Whatever’s On Your Plate Got There Because You Said Yes
There’s a moment in every leader’s career when the work stops feeling manageable and starts feeling like it’s running your life. The meetings keep stacking up. The deadlines close in. The pressure builds. I’ve been there more times than I’d like to admit, and every time I reach that point, one reminder pulls me back into the driver’s seat:
Whatever is on your plate got there because you said yes to it.
It’s a simple line with a truth most of us would rather not look at. We’re quick to blame circumstances, the system, the board, the boss, or the mountain of expectations that come with the role. But leadership begins with owning your decisions. Every “yes” carries weight. And enough of them, especially the wrong ones, will bury you.
Great leaders don’t start by managing time. They start by managing choices.
Saying Yes Without Thinking
Most people don’t get overwhelmed because they’re lazy. They get overwhelmed because they’re eager. Leaders want to help. They want to support people, solve problems, and fill gaps. Those are good instincts. But good instincts without discipline create chaos.
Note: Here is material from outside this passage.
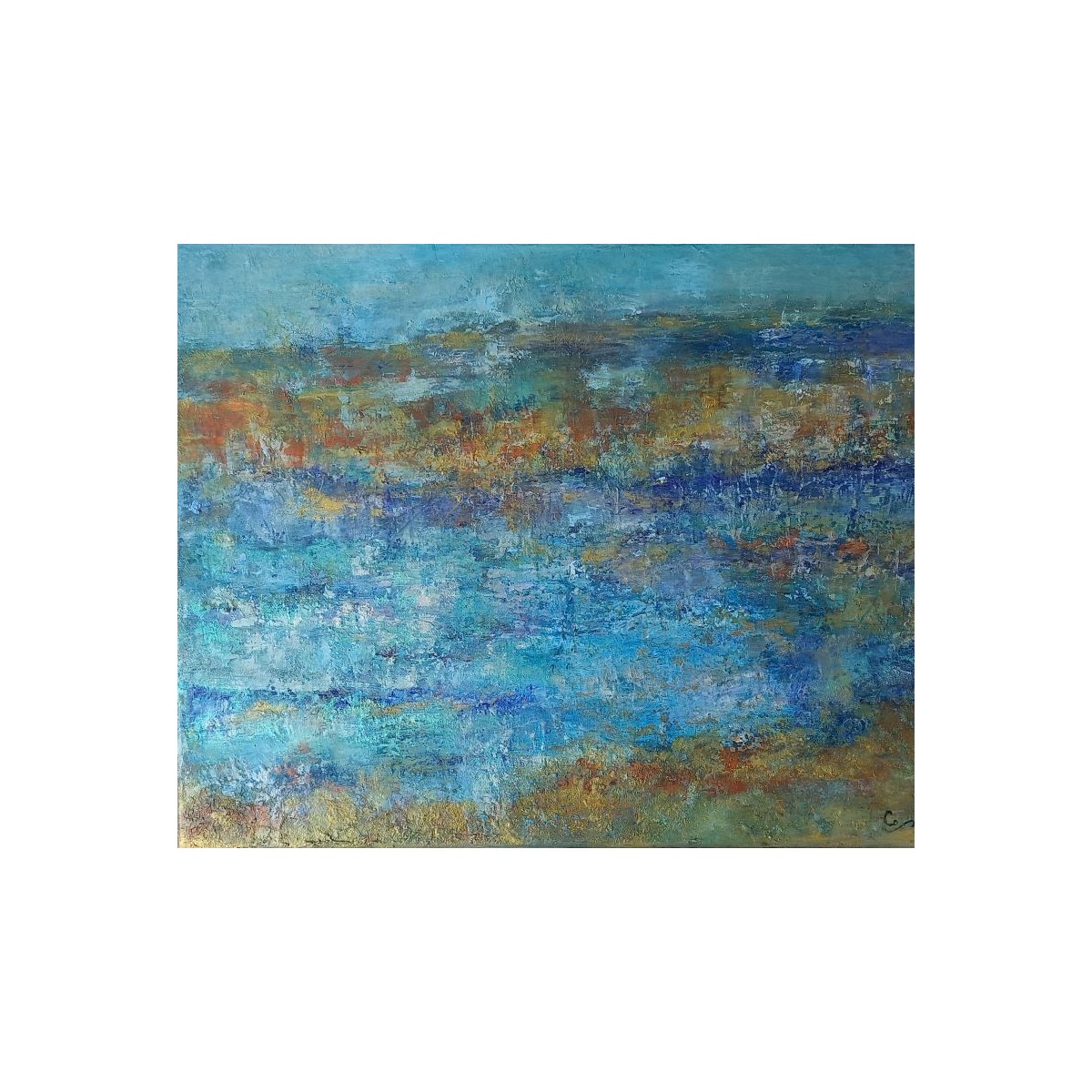 Ischia - Peinture à l'huile au couteau - Paysage méditerranéen île - Corinne Foucouin - Galerie FenêtreSurArtistes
Every rushed yes becomes a future obligation. And once you say yes, it becomes your responsibility to deliver. If you’re not careful, you end up running everyone’s race except your own.
I’ve coached leaders who were drowning because they said yes to projects that didn’t fit their strengths, committees that didn’t align with their mission, and emergencies that weren’t emergencies at all. They didn’t realize that every yes comes with a trade-off. You’re giving up your time, your attention, your energy, and sometimes your sanity.
Saying yes is easy. Living with the consequences is where the work begins.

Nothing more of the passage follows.